── EXERCISE INPUT ──

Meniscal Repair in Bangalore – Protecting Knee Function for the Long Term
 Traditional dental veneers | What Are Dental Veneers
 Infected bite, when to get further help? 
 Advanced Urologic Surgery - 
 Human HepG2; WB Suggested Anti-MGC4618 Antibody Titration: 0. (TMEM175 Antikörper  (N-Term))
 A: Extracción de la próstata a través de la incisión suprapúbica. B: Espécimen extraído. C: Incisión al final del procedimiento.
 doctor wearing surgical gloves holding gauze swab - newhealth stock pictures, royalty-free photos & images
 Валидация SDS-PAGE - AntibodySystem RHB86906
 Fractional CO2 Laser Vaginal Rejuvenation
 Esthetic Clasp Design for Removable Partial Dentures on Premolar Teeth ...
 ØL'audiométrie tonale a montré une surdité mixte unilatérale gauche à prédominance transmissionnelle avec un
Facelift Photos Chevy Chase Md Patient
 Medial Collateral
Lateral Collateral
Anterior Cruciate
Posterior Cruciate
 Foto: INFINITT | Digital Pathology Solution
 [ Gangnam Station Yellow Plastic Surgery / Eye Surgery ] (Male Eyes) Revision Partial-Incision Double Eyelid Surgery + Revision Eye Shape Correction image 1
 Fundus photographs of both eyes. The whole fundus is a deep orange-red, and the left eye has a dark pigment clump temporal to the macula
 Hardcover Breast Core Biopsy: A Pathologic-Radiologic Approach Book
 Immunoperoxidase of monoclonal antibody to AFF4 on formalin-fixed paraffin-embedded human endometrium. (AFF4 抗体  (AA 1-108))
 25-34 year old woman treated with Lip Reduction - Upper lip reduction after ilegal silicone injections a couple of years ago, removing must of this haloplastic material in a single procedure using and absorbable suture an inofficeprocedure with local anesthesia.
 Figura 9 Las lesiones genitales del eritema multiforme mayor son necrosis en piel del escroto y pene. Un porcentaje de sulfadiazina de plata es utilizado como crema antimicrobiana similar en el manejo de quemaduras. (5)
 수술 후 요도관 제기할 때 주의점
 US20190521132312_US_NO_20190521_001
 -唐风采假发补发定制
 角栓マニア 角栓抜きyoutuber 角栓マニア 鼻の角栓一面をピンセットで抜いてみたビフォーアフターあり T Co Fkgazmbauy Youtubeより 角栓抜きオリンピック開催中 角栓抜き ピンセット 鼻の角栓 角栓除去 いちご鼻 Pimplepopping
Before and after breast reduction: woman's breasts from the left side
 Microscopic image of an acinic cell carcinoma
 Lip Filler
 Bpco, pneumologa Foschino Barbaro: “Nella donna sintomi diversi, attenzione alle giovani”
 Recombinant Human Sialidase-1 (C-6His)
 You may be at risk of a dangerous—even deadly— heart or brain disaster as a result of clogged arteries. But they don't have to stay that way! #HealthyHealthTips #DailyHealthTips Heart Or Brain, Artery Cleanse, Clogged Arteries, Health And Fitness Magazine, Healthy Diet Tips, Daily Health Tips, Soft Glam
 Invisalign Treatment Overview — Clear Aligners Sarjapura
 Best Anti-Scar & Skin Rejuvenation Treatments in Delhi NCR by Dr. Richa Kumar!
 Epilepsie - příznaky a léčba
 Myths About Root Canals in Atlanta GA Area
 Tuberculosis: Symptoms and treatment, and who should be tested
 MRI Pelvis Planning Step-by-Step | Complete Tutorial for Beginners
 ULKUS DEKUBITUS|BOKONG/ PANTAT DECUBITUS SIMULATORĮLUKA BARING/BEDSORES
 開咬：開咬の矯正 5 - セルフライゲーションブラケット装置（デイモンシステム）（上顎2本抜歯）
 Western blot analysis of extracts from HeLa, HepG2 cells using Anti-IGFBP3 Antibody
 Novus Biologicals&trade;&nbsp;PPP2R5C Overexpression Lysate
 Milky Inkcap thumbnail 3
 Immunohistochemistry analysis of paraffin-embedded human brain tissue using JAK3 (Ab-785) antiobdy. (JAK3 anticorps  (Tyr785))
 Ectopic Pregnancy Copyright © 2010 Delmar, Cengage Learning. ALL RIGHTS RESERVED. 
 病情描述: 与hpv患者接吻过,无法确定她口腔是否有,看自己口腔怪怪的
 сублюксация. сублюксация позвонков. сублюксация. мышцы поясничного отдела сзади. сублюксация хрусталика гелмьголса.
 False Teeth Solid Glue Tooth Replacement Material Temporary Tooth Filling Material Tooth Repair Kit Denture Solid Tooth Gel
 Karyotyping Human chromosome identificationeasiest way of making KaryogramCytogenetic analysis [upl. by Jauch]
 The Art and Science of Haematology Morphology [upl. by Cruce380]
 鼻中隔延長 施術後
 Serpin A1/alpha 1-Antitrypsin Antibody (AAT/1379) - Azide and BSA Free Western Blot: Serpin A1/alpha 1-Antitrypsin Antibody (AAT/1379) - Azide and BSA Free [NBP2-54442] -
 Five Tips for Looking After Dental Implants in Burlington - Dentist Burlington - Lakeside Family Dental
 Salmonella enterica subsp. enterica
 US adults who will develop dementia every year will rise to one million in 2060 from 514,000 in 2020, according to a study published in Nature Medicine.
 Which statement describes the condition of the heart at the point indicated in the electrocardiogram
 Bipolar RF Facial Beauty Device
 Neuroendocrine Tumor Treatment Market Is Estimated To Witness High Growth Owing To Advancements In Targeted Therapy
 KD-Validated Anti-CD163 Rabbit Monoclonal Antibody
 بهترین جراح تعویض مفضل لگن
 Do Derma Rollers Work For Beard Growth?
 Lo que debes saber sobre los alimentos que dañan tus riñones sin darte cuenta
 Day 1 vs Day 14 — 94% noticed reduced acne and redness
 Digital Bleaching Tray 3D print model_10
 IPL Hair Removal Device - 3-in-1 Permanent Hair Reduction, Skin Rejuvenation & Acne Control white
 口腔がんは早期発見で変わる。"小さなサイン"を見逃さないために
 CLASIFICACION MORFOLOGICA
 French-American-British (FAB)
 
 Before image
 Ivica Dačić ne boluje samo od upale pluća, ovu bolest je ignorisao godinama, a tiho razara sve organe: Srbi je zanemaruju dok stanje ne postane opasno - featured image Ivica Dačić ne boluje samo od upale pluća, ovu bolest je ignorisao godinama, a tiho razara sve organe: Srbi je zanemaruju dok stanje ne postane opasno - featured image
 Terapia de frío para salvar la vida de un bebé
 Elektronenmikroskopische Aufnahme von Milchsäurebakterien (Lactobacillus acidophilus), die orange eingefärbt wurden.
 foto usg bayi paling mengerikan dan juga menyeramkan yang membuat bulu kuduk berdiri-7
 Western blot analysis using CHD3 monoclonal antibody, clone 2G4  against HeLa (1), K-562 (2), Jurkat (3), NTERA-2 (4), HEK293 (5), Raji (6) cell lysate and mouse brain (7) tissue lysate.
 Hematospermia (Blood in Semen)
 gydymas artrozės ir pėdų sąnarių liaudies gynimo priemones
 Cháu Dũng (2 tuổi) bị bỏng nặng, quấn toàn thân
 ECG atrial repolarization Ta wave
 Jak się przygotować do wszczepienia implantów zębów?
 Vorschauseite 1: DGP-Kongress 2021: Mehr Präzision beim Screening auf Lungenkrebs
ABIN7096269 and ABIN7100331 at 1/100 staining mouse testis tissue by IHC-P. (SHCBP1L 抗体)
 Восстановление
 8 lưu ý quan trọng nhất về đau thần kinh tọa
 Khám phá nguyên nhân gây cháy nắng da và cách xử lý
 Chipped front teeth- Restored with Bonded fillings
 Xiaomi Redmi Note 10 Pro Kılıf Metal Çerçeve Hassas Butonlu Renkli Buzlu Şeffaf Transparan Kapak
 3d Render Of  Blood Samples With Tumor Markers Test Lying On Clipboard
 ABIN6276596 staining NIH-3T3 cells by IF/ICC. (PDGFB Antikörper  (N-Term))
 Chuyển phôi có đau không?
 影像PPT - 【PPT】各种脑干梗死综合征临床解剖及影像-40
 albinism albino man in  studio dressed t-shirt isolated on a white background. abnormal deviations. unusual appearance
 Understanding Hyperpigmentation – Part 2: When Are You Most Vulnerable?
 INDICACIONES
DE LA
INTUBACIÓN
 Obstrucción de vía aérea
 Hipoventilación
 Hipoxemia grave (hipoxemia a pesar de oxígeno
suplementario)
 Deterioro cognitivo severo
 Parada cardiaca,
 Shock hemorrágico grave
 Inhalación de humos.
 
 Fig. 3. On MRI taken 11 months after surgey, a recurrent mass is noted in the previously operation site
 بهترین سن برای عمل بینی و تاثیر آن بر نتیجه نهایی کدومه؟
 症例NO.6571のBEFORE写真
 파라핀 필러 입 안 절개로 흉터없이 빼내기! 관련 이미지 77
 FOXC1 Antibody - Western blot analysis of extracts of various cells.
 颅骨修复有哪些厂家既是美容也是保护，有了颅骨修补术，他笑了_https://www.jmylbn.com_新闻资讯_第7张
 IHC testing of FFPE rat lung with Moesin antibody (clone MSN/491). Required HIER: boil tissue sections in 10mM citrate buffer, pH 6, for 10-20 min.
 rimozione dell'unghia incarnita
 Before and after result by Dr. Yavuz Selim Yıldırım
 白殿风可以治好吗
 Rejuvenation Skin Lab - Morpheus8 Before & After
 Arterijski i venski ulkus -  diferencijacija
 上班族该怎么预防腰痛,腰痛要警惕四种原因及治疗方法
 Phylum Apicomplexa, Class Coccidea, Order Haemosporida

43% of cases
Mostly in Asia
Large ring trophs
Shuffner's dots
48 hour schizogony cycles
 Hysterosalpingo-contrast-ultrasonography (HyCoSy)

───

Of the entries above, repeat exactly the lines from the line with "KD-Validated Anti-CD163 Rabbit" through the line with "Before image", both of them included.

 KD-Validated Anti-CD163 Rabbit Monoclonal Antibody
 بهترین جراح تعویض مفضل لگن
 Do Derma Rollers Work For Beard Growth?
 Lo que debes saber sobre los alimentos que dañan tus riñones sin darte cuenta
 Day 1 vs Day 14 — 94% noticed reduced acne and redness
 Digital Bleaching Tray 3D print model_10
 IPL Hair Removal Device - 3-in-1 Permanent Hair Reduction, Skin Rejuvenation & Acne Control white
 口腔がんは早期発見で変わる。"小さなサイン"を見逃さないために
 CLASIFICACION MORFOLOGICA
 French-American-British (FAB)
 
 Before image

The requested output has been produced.